-- Problem details --
Look through the records below for the line with "Close up abstract" and the line with "A Norwegian silver", then return those lines and all lines between, exactly.
--- START ---
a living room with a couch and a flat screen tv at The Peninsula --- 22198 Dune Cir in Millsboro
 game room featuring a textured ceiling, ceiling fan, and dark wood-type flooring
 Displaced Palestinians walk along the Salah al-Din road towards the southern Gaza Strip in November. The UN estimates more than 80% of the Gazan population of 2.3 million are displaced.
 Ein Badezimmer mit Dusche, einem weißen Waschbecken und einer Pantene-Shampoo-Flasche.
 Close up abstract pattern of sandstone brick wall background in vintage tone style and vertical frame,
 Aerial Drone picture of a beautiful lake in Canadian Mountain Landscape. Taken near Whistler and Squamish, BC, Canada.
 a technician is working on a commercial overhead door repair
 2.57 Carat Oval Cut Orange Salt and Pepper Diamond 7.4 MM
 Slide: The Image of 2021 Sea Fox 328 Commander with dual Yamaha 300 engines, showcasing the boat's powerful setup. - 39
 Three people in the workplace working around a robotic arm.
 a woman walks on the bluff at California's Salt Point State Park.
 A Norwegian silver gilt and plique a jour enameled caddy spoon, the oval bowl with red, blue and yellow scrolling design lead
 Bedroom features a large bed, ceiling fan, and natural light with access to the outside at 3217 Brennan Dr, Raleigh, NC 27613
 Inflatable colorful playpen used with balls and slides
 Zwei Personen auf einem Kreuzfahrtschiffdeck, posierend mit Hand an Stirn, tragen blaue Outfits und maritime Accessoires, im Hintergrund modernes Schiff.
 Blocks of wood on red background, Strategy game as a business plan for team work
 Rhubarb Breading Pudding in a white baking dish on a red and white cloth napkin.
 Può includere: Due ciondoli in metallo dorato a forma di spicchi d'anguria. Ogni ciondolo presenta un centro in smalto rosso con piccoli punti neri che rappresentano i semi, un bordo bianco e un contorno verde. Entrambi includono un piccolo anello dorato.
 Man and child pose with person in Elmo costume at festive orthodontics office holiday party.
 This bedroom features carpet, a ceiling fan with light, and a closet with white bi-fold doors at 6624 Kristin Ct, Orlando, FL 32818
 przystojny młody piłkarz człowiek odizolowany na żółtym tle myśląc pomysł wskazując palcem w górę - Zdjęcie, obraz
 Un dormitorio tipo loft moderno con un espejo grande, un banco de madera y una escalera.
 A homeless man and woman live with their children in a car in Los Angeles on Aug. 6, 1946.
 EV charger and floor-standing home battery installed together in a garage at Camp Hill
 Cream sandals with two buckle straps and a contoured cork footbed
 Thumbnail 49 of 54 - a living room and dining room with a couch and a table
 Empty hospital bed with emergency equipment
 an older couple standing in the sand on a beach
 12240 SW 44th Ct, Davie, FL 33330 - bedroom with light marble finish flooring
--- END ---
-- Task solution --
 Close up abstract pattern of sandstone brick wall background in vintage tone style and vertical frame,
 Aerial Drone picture of a beautiful lake in Canadian Mountain Landscape. Taken near Whistler and Squamish, BC, Canada.
 a technician is working on a commercial overhead door repair
 2.57 Carat Oval Cut Orange Salt and Pepper Diamond 7.4 MM
 Slide: The Image of 2021 Sea Fox 328 Commander with dual Yamaha 300 engines, showcasing the boat's powerful setup. - 39
 Three people in the workplace working around a robotic arm.
 a woman walks on the bluff at California's Salt Point State Park.
 A Norwegian silver gilt and plique a jour enameled caddy spoon, the oval bowl with red, blue and yellow scrolling design lead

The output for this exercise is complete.